## EXERCISE DESCRIPTION
Reproduce every line of the material below, but drop the pictures.
= = = = = = =
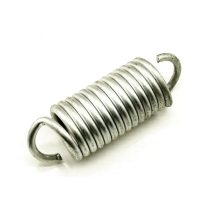 Húzórugó - 4,5x33x63 mm - A.90 - horganyzott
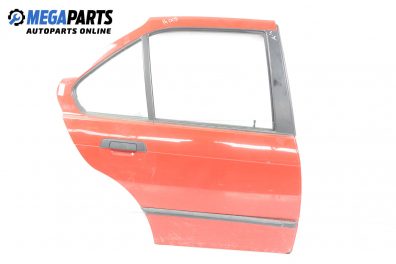 Door for BMW 3 Series E36 Sedan (09.1990 - 02.1998), 5 doors, sedan, position: rear - right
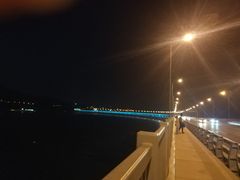 -星海湾跨海大桥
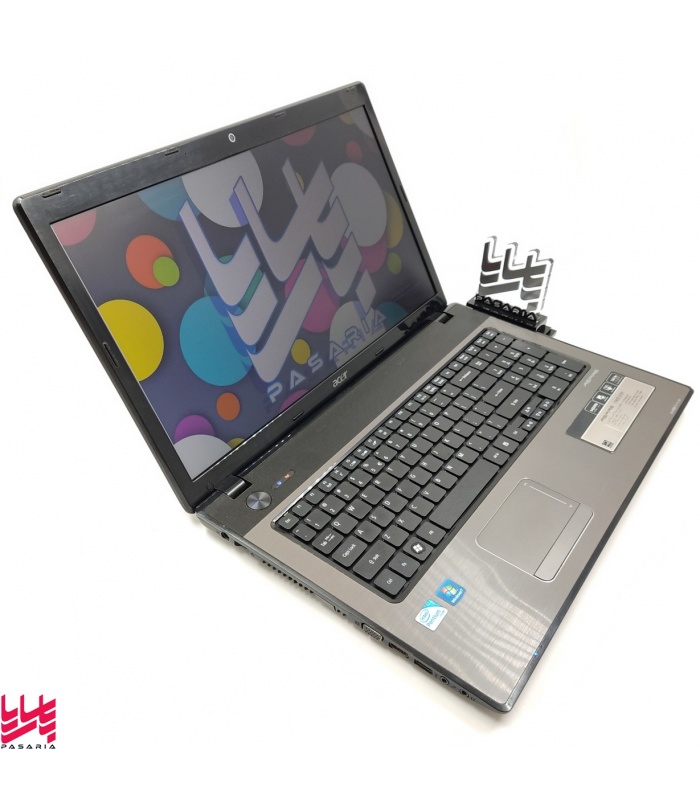 Acer Aspire 7741Z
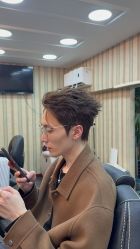 -绅仕門男士理发馆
= = = = = = =
## RESULT
 Húzórugó - 4,5x33x63 mm - A.90 - horganyzott
 Door for BMW 3 Series E36 Sedan (09.1990 - 02.1998), 5 doors, sedan, position: rear - right
 -星海湾跨海大桥
 Acer Aspire 7741Z
 -绅仕門男士理发馆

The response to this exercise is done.